Episode 84: Ten hundred years

In the great house of Collinwood, strange and troubled boy David Collins tricks his well-meaning governess, Vicki, into a room where he locks her up. Hardworking young fisherman Joe comes to the house to tell his sometime girlfriend, flighty heiress Carolyn, that he can’t spend the evening with her because he has a date with someone else.

I suppose this is one of writer Art Wallace’s diptych episodes, in which the contrast between a pair of intercut scenes tells us more about the characters than we would gather watching either scene straight through. Most such episodes are powerful and engrossing. Unfortunately, both of today’s topics are deadly dull. The pointlessness of the one multiplies the tedium of the other.

Joe and Carolyn’s relationship has never been interesting for one second. Their scenes are divided between Carolyn’s flagrant displays of contempt for Joe, quarrels that begin when Joe objects to those displays, and the occasional conversation about how the two of them don’t have a future. Today’s conversation between them is a break-up scene. An actual breakup would be welcome, but they’ve raised our hopes that way before. Since the only emotion Carolyn and Joe have managed to arouse in the audience is impatience, we don’t have any of the mixed feelings that could make the scene poignant or exciting.

The contrast at the hinge of the diptych is between, on the one hand, David taunting the suddenly brainless Vicki with the prospect that she will be in her prison for the rest of her life and, on the other, Carolyn dismissing the suddenly self-assertive Joe with the prospect that they will never see each other again. Joe’s uncharacteristic strength is more appealing, and better grounded in what we’ve seen so far, than is the uncharacteristic stupidity that led Vicki into David’s trap. But even if the breakup is the real thing this time, it’s hard to feel much relief when we know that we’re going to be locked up and miserable with Vicki.

There is some trivia in this one that will appeal to confirmed fans of Dark Shadows. It’s the first time we go inside the west wing; we get a look at a corridor and at the room where Vicki will be confined. Vicki and David talk about the long, twisting way they have taken, suggesting that it is a very large place. Much larger than reclusive matriarch Liz suggested in episode 2, when she told Vicki that the whole house, including the closed-off portions, has a total of 40 rooms.

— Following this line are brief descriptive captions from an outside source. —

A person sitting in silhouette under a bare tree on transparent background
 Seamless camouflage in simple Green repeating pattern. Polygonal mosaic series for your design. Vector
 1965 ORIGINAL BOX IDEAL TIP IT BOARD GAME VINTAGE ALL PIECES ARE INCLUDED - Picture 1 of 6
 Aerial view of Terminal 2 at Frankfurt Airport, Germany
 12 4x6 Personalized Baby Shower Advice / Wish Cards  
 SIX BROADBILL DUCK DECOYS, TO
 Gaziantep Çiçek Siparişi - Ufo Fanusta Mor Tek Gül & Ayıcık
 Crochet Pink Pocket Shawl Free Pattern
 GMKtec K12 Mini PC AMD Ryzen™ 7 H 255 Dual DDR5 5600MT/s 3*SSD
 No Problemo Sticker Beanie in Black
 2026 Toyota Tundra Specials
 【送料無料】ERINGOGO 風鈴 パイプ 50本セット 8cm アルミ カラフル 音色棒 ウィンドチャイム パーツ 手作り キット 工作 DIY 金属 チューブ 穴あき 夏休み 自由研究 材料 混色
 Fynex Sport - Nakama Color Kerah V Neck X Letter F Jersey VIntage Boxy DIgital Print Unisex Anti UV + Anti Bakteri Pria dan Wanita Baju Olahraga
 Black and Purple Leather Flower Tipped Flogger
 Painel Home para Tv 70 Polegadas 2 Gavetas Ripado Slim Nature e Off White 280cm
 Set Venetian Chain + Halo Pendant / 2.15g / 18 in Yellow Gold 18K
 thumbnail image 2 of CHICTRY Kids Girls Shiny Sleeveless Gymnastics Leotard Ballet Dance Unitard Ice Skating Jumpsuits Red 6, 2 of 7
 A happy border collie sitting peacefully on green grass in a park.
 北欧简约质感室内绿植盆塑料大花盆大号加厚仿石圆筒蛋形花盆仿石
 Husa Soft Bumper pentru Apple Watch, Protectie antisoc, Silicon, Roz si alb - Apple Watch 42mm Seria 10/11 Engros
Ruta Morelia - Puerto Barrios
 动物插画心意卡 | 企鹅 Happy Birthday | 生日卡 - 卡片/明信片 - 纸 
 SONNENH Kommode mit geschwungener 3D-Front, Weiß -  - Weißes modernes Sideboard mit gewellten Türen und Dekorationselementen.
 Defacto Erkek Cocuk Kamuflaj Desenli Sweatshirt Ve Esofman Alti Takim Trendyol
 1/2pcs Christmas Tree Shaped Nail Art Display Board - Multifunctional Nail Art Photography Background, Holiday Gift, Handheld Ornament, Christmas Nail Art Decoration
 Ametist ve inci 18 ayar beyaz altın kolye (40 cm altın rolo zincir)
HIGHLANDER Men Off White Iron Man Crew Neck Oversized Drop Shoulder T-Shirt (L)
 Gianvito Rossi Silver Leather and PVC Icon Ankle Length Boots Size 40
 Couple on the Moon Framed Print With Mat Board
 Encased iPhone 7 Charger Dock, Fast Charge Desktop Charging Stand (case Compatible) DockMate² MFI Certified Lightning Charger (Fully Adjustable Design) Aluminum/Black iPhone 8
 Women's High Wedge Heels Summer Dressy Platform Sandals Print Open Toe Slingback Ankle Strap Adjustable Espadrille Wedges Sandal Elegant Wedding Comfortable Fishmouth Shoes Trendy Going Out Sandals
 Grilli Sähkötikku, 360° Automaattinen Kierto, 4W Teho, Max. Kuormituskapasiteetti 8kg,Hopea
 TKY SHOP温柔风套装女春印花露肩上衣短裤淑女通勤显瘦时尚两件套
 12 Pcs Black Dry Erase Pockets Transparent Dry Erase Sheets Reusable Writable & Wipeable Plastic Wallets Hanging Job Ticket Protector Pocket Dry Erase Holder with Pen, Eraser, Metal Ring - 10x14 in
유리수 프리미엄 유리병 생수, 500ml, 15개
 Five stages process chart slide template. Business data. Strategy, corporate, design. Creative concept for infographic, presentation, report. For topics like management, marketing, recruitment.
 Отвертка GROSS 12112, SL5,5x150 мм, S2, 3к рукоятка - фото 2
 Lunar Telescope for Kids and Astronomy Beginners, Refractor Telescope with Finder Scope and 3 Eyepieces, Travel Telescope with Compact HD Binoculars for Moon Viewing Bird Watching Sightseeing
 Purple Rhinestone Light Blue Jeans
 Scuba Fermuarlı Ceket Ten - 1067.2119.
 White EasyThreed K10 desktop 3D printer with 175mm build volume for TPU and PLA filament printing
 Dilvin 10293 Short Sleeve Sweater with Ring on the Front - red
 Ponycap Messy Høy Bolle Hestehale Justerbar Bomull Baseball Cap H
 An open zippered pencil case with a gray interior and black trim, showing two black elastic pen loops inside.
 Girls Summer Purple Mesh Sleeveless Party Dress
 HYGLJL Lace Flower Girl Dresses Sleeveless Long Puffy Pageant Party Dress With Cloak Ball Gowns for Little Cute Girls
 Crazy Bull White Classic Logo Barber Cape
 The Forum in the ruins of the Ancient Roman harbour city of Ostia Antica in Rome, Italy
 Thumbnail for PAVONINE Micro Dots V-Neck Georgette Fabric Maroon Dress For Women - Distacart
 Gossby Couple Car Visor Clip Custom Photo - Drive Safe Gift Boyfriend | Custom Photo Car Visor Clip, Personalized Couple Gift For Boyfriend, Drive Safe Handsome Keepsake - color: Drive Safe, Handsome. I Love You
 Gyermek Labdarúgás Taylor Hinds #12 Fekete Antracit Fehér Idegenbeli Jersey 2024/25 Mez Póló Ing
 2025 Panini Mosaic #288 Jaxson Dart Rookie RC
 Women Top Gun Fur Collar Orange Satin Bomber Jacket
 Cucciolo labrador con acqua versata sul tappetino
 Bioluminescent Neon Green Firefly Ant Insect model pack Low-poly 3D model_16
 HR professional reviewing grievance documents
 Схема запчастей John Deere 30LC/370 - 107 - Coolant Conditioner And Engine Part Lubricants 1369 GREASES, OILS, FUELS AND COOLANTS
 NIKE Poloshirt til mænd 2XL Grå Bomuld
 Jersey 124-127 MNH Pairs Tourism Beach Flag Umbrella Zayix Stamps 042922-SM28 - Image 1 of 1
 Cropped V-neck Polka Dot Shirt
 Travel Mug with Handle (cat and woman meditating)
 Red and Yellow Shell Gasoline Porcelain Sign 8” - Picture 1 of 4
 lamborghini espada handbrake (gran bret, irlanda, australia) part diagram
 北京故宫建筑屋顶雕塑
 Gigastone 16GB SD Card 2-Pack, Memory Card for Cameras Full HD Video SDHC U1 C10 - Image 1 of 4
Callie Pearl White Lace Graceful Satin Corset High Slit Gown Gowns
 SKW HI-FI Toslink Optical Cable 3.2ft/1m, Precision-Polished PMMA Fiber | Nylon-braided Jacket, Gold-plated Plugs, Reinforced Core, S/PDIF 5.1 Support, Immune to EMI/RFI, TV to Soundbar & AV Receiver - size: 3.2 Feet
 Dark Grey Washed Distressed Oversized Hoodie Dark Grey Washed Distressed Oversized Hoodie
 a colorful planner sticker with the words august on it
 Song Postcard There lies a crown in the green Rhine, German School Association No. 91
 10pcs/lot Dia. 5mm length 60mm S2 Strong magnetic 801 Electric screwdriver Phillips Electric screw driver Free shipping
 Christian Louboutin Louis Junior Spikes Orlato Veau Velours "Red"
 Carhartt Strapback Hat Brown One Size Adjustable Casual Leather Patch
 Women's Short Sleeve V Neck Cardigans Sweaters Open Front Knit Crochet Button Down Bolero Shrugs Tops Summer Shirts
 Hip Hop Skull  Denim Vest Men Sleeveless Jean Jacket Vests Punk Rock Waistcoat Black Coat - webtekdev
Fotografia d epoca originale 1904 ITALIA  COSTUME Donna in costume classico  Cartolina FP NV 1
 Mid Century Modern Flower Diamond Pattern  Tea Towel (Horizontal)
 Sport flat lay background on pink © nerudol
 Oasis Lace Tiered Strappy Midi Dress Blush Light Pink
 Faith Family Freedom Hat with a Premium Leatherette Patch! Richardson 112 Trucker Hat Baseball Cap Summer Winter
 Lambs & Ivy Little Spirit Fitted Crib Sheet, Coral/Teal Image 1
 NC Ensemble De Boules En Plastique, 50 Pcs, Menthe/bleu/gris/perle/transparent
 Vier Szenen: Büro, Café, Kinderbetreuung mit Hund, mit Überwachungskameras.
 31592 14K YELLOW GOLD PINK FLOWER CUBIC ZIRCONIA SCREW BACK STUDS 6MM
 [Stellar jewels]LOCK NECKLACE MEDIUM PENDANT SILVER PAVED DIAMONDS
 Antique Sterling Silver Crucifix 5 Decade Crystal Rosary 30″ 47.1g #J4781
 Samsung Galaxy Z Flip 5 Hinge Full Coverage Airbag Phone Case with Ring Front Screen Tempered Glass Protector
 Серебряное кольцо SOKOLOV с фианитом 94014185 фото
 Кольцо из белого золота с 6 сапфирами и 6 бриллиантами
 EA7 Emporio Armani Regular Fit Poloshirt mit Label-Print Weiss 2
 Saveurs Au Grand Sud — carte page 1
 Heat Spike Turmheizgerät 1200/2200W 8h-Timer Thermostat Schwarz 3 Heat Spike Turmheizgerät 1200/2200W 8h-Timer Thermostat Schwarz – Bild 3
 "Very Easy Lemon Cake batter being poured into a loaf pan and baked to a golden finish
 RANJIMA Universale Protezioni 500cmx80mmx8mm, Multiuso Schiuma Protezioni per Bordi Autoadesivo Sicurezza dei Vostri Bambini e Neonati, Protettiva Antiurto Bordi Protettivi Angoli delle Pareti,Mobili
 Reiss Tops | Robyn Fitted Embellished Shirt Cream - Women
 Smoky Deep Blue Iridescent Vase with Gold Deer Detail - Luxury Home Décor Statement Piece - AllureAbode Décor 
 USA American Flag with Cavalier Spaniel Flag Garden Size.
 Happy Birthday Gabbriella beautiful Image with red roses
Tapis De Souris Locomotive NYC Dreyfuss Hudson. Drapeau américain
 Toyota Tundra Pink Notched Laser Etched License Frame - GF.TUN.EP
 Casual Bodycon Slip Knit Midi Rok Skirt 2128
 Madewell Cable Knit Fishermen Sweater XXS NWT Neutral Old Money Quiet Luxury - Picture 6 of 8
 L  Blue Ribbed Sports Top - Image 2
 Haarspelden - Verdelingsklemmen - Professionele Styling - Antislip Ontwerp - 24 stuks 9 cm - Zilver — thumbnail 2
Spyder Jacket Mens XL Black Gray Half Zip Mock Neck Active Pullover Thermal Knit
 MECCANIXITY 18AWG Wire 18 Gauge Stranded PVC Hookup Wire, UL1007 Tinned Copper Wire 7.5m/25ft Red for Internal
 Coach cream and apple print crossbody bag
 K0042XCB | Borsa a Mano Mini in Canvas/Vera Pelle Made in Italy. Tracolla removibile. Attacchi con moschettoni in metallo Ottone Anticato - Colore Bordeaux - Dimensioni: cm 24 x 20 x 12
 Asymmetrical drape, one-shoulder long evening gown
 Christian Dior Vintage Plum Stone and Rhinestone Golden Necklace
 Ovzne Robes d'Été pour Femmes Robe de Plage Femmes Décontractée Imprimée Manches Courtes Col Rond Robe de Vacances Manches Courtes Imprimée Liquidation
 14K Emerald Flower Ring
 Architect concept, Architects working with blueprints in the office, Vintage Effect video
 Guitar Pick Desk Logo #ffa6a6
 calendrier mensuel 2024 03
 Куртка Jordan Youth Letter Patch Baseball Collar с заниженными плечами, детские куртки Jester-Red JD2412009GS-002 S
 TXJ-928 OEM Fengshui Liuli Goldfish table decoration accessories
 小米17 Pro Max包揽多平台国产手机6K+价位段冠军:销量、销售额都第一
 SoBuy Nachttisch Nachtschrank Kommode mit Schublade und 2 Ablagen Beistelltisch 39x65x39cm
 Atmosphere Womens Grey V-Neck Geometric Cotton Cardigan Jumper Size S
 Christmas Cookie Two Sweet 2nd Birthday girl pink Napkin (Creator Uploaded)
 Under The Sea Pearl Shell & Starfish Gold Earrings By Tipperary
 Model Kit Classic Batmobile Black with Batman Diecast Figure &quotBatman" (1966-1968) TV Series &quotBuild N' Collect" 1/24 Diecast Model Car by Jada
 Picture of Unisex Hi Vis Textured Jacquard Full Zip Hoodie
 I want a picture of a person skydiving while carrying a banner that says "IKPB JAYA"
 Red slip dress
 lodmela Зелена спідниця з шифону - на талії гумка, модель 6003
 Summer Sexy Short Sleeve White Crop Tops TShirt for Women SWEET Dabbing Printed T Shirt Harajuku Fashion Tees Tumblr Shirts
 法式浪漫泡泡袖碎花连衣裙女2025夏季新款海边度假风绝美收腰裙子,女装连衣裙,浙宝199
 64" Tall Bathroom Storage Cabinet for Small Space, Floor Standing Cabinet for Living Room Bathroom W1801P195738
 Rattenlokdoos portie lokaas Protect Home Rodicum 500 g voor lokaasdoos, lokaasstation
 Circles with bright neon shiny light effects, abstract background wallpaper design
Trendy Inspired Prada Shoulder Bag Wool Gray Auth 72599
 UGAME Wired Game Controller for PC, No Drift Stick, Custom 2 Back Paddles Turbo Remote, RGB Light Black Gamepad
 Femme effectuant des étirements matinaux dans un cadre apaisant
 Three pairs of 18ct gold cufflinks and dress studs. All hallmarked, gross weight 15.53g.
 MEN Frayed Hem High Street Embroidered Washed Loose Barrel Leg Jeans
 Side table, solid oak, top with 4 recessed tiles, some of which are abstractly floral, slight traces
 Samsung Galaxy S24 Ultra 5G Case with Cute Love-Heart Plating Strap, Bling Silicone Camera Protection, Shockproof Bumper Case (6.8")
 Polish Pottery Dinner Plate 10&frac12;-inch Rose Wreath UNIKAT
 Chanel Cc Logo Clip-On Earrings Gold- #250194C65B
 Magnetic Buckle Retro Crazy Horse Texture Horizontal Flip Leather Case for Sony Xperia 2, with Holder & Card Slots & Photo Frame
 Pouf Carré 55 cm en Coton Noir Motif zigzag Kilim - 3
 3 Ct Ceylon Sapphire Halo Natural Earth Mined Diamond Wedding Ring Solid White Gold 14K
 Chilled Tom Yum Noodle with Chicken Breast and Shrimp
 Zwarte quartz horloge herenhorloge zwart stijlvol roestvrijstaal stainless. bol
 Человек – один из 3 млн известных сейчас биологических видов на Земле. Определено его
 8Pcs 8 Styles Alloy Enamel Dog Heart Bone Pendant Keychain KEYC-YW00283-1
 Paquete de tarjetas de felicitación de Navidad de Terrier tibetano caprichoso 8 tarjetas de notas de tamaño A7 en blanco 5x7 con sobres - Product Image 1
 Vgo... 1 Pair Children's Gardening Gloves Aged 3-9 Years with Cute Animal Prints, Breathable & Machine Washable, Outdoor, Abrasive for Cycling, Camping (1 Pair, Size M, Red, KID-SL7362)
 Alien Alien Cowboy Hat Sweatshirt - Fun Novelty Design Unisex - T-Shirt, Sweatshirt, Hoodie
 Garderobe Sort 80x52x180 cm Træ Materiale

Also, Vicki mentions that the west wing has been closed for 50 years. David picks up on “50 years” in a story he tells to frighten Vicki, ensuring that it will stick in the audience’s mind. Yet Liz, who is supposed to be in her 40s, has a conversation with her daughter Carolyn in which she remembers a time when far “fewer rooms were closed off.” That suggests that there is not only a locked-up west wing, but perhaps an east wing as well. That won’t be confirmed for four years, but it is implicit here.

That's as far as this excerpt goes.